DATASET SECTION:
*** Begin section ***

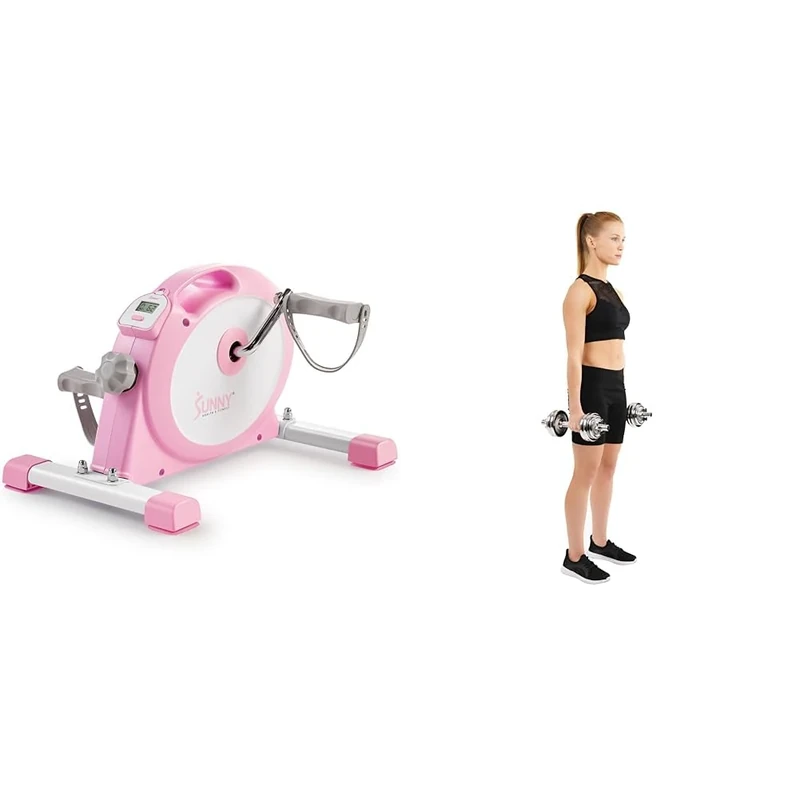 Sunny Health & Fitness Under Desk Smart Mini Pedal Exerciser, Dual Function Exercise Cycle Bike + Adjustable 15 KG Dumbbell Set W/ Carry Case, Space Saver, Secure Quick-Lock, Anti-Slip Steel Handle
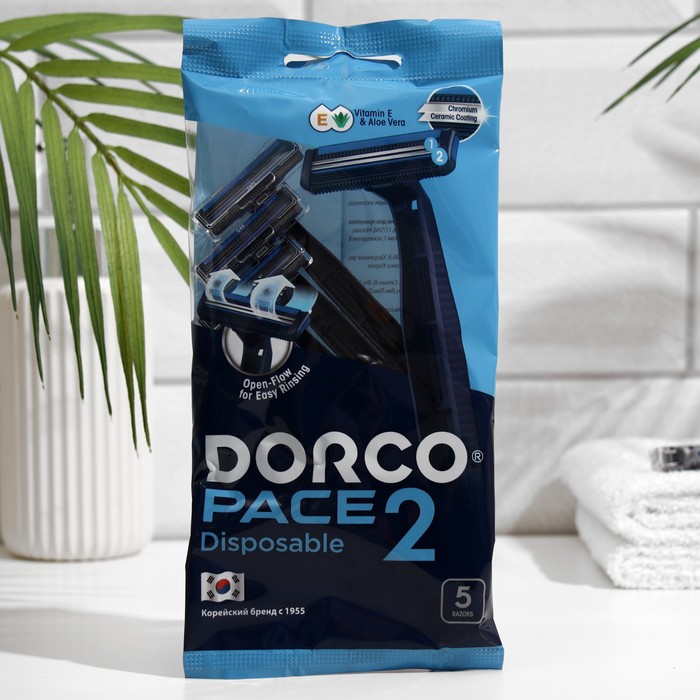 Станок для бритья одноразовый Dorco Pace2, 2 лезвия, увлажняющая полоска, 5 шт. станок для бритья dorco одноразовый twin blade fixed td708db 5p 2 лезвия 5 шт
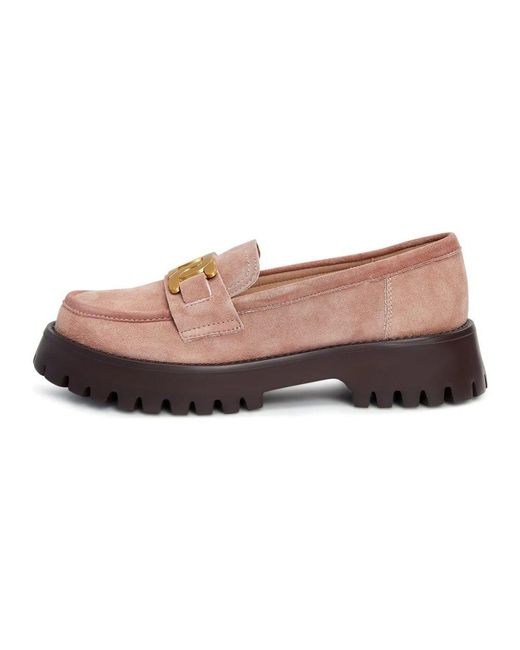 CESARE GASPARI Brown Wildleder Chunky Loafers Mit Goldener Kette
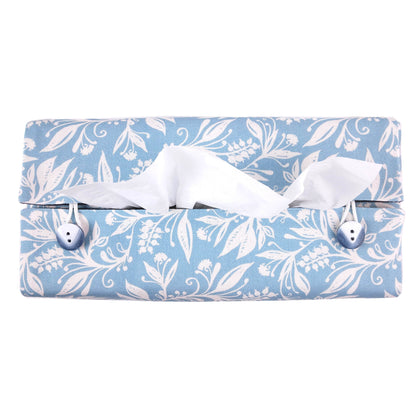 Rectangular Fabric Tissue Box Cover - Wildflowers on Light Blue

*** End section ***

WHAT IS NEEDED: Leave out the pictures, and retype exactly the lines from the one containing "Станок для бритья одноразовый" through the last line of the data above, no more and no less.

RESULT OF THIS TASK:
 Станок для бритья одноразовый Dorco Pace2, 2 лезвия, увлажняющая полоска, 5 шт. станок для бритья dorco одноразовый twin blade fixed td708db 5p 2 лезвия 5 шт
 CESARE GASPARI Brown Wildleder Chunky Loafers Mit Goldener Kette
 Rectangular Fabric Tissue Box Cover - Wildflowers on Light Blue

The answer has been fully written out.